Using Your Twin Bucket Emergency Toilet
How to set up your Twin Bucket Emergency Toilet for use:
- Mark the twin buckets “pee” and “poo” (or #1 and #2 or urine and feces, or yellow and brown, etc).
- Set them up in a private space. The seat can be moved from one to the other.
- Scratch your head and decide if you need to use the pee bucket or the poo bucket.
- Try not to pee in the poo bucket. This is really important but it is understandable that this isnʼt always possible. The pee is the component that produces the bad smell in toilets that mix.
- After using the pee bucket remove the seat and cover with a lid that closes well.

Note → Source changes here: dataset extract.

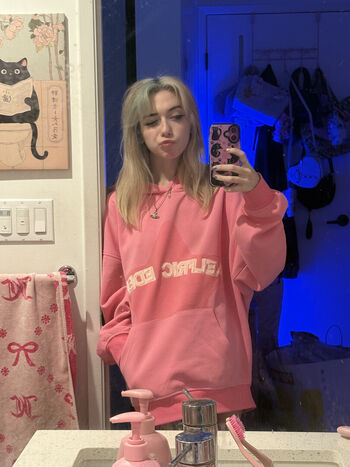 Full leaked Iluvmeww page private onlyfans photo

- After using the poo bucket, sprinkle about a half cup of the carbon material so that it completely covers the surface of the poo. This will eliminate odors and ensure flies don’t make themselves at home.
- Toilet paper is just fine for the poo bucket but not for the pee bucket.

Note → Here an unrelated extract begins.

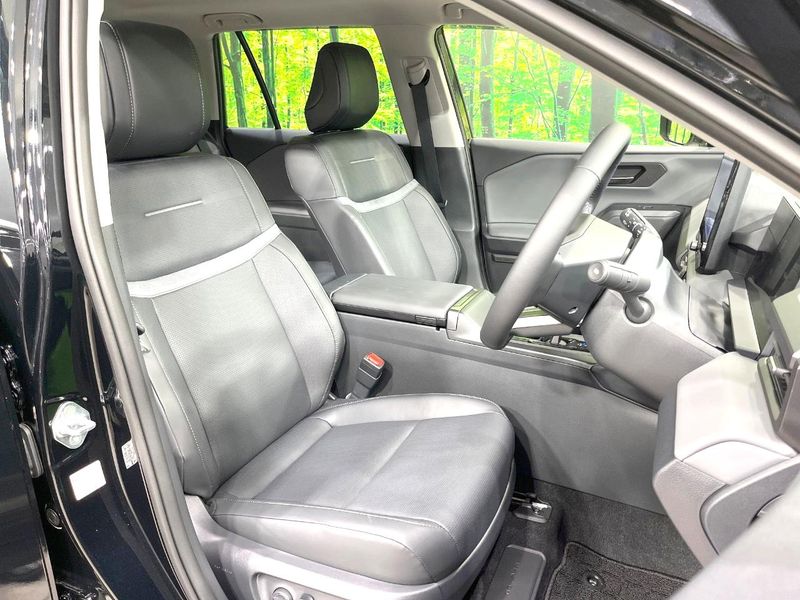 2026 Toyota RAV4 6AA-AXAN64 (UW-6a5c3ec23fbce)[19]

- Put the toilet seat back down ensuring it’s not airtight. Give your poo some air and it will dry out and reduce in volume.
Remember that in an emergency people are vulnerable and scared. If your flush toilet doesn’t work and the sewers are down, folks in your household will appreciate the comfort, hygiene and safety that come with this simple twin toilet.
What to do when the buckets fill up:
The really great feature of Twin Bucket Toilet is that it is No-Mix. It separates pee and poo, makes each of them easier to handle and almost completely eliminates odor.
A day’s worth of pee has almost 10 times the volume of poo. So the pee bucket will fill up a lot faster. The volume of pee is why a single bucket camp toilet fills up quickly and the mix smell and is a mess to deal with. The great thing about pee is that it’s clean (unless someone is sick) and getting rid of it is not difficult. If you have extra buckets and lids, you can store it until it can be put in the soil (6 to 8 inches below the surface) or added to a compost pile. In a real emergency you can dump urine in a street drain or the river, although a wooded area is preferable. What’s special about the Twin Bucket Emergency Toilet, is that it works even for high-rise apartment dwellers.
It’s the poo bucket that contains most of the pathogens that can make people sick. But the great thing about poo is that it doesn’t take up much space. Left to dry in a bucket with some carbon material, poo simply decomposes into compost. In a small household it will take a couple of weeks for the poo bucket to fill so just leave it be and give it some air. Poo is manageable, although there will still be pathogens. Note that compost that is safe to reuse on gardens requires extra work and is covered in the section Disaster Sanitation Planning (under construction).